*Dataset records*:
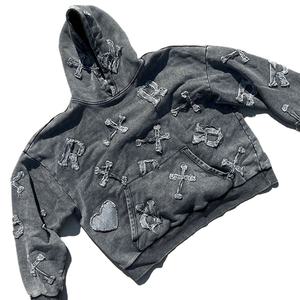 YSJY制造商定制超大酸石水洗重量级法国毛圈苦恼补丁男士复古连帽衫 - Product Image 1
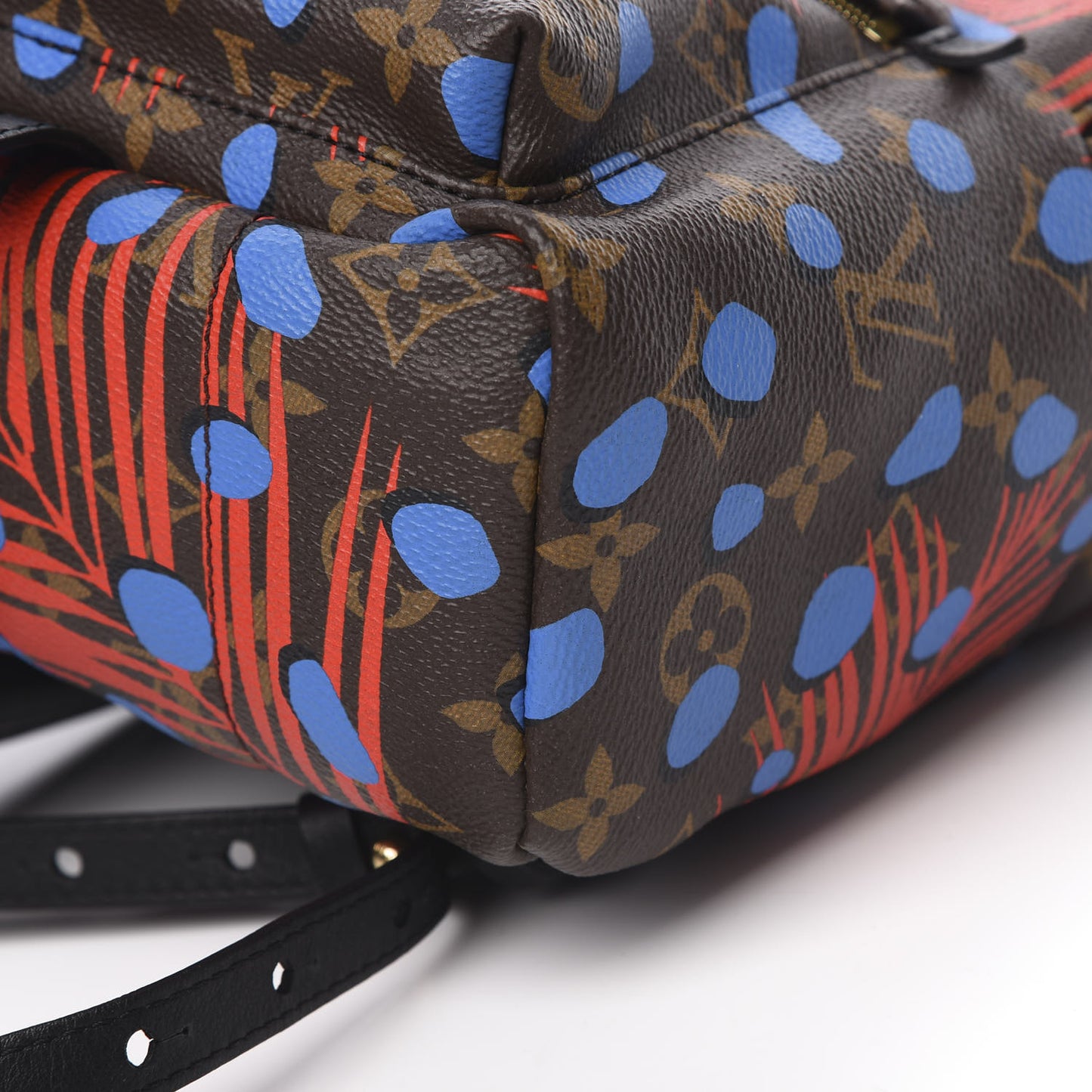 Monogram Jungle Dots Palm Springs Backpack PM Coquelicot Denim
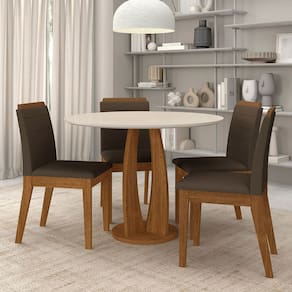 Conjunto Mesa Redonda Scala 4 Cadeiras Estofadas Frei/off/marrom - M.a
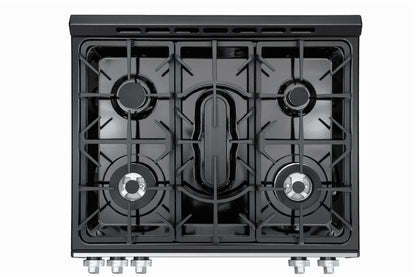 Kenmore 22-76853 5.6 cu. ft. Front-Control 5 Burner True Convection Gas Range with Oven, Large Window, Three Oven Racks, Dishwasher Safe Cast Iron Grates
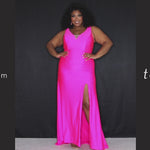 Tease Prom TE2320 Hot pink. Slim/ fitted silhouette with a Slim/fitted skirt. V-neckline and bra-friendly straps. Stretch lycra with hot fix stones.High slit, ruched front and back bodice, sweep train and a center back zipper.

*Problem statement*:
Everything from the line containing "Conjunto Mesa Redonda" through the final line of the material must be set down exactly, except the pictures.

*Your solution*:
 Conjunto Mesa Redonda Scala 4 Cadeiras Estofadas Frei/off/marrom - M.a
 Kenmore 22-76853 5.6 cu. ft. Front-Control 5 Burner True Convection Gas Range with Oven, Large Window, Three Oven Racks, Dishwasher Safe Cast Iron Grates
 Tease Prom TE2320 Hot pink. Slim/ fitted silhouette with a Slim/fitted skirt. V-neckline and bra-friendly straps. Stretch lycra with hot fix stones.High slit, ruched front and back bodice, sweep train and a center back zipper.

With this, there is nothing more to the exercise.